**What is being asked:**
Repeat the data below exactly. Include each line.
Segment Start: Records shown
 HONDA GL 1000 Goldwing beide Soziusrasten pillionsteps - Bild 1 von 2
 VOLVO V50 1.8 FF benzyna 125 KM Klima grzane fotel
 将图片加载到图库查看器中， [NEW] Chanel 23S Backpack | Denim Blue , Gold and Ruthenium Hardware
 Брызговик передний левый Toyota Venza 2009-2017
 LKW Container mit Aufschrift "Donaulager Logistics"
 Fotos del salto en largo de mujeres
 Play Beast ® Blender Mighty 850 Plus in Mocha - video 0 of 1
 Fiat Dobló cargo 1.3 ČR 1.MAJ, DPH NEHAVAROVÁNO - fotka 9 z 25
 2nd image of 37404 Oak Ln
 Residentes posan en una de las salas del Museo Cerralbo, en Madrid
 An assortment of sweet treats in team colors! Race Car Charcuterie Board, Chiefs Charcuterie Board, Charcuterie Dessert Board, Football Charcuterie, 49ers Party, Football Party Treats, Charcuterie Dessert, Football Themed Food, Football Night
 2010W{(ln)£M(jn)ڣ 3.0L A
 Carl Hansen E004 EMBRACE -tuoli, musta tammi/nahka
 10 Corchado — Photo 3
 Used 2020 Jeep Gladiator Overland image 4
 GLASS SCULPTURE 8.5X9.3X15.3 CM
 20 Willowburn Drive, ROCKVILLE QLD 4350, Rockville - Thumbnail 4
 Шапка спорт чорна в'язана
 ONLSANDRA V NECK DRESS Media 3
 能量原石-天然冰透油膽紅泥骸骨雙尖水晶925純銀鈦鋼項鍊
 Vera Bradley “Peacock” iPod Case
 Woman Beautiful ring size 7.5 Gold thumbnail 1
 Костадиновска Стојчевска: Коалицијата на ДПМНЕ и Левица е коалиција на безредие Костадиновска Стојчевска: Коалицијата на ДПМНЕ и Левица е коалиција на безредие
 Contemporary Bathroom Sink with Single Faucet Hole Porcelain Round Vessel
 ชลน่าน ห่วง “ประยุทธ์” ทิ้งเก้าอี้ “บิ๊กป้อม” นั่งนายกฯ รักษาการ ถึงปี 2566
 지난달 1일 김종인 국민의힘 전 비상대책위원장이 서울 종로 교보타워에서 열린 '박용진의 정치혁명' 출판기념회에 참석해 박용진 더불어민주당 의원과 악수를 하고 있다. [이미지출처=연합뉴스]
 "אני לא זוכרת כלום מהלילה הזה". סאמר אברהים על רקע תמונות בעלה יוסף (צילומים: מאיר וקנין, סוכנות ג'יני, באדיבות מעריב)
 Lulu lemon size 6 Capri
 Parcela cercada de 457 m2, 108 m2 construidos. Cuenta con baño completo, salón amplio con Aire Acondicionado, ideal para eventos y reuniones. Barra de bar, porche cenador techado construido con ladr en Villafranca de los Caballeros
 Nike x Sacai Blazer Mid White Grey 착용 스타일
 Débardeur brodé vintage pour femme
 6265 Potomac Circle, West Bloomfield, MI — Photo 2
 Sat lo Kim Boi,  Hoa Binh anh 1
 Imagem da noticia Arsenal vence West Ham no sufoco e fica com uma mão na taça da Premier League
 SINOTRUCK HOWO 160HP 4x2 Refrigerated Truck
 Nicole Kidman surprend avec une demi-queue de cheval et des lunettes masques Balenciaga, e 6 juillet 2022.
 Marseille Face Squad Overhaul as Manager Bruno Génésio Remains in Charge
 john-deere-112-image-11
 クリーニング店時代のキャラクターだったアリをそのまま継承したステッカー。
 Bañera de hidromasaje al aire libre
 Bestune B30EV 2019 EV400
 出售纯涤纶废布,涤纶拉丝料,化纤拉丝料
Segment End: Records shown
**Answer to this exercise:**
 HONDA GL 1000 Goldwing beide Soziusrasten pillionsteps - Bild 1 von 2
 VOLVO V50 1.8 FF benzyna 125 KM Klima grzane fotel
 将图片加载到图库查看器中， [NEW] Chanel 23S Backpack | Denim Blue , Gold and Ruthenium Hardware
 Брызговик передний левый Toyota Venza 2009-2017
 LKW Container mit Aufschrift "Donaulager Logistics"
 Fotos del salto en largo de mujeres
 Play Beast ® Blender Mighty 850 Plus in Mocha - video 0 of 1
 Fiat Dobló cargo 1.3 ČR 1.MAJ, DPH NEHAVAROVÁNO - fotka 9 z 25
 2nd image of 37404 Oak Ln
 Residentes posan en una de las salas del Museo Cerralbo, en Madrid
 An assortment of sweet treats in team colors! Race Car Charcuterie Board, Chiefs Charcuterie Board, Charcuterie Dessert Board, Football Charcuterie, 49ers Party, Football Party Treats, Charcuterie Dessert, Football Themed Food, Football Night
 2010W{(ln)£M(jn)ڣ 3.0L A
 Carl Hansen E004 EMBRACE -tuoli, musta tammi/nahka
 10 Corchado — Photo 3
 Used 2020 Jeep Gladiator Overland image 4
 GLASS SCULPTURE 8.5X9.3X15.3 CM
 20 Willowburn Drive, ROCKVILLE QLD 4350, Rockville - Thumbnail 4
 Шапка спорт чорна в'язана
 ONLSANDRA V NECK DRESS Media 3
 能量原石-天然冰透油膽紅泥骸骨雙尖水晶925純銀鈦鋼項鍊
 Vera Bradley “Peacock” iPod Case
 Woman Beautiful ring size 7.5 Gold thumbnail 1
 Костадиновска Стојчевска: Коалицијата на ДПМНЕ и Левица е коалиција на безредие Костадиновска Стојчевска: Коалицијата на ДПМНЕ и Левица е коалиција на безредие
 Contemporary Bathroom Sink with Single Faucet Hole Porcelain Round Vessel
 ชลน่าน ห่วง “ประยุทธ์” ทิ้งเก้าอี้ “บิ๊กป้อม” นั่งนายกฯ รักษาการ ถึงปี 2566
 지난달 1일 김종인 국민의힘 전 비상대책위원장이 서울 종로 교보타워에서 열린 '박용진의 정치혁명' 출판기념회에 참석해 박용진 더불어민주당 의원과 악수를 하고 있다. [이미지출처=연합뉴스]
 "אני לא זוכרת כלום מהלילה הזה". סאמר אברהים על רקע תמונות בעלה יוסף (צילומים: מאיר וקנין, סוכנות ג'יני, באדיבות מעריב)
 Lulu lemon size 6 Capri
 Parcela cercada de 457 m2, 108 m2 construidos. Cuenta con baño completo, salón amplio con Aire Acondicionado, ideal para eventos y reuniones. Barra de bar, porche cenador techado construido con ladr en Villafranca de los Caballeros
 Nike x Sacai Blazer Mid White Grey 착용 스타일
 Débardeur brodé vintage pour femme
 6265 Potomac Circle, West Bloomfield, MI — Photo 2
 Sat lo Kim Boi,  Hoa Binh anh 1
 Imagem da noticia Arsenal vence West Ham no sufoco e fica com uma mão na taça da Premier League
 SINOTRUCK HOWO 160HP 4x2 Refrigerated Truck
 Nicole Kidman surprend avec une demi-queue de cheval et des lunettes masques Balenciaga, e 6 juillet 2022.
 Marseille Face Squad Overhaul as Manager Bruno Génésio Remains in Charge
 john-deere-112-image-11
 クリーニング店時代のキャラクターだったアリをそのまま継承したステッカー。
 Bañera de hidromasaje al aire libre
 Bestune B30EV 2019 EV400
 出售纯涤纶废布,涤纶拉丝料,化纤拉丝料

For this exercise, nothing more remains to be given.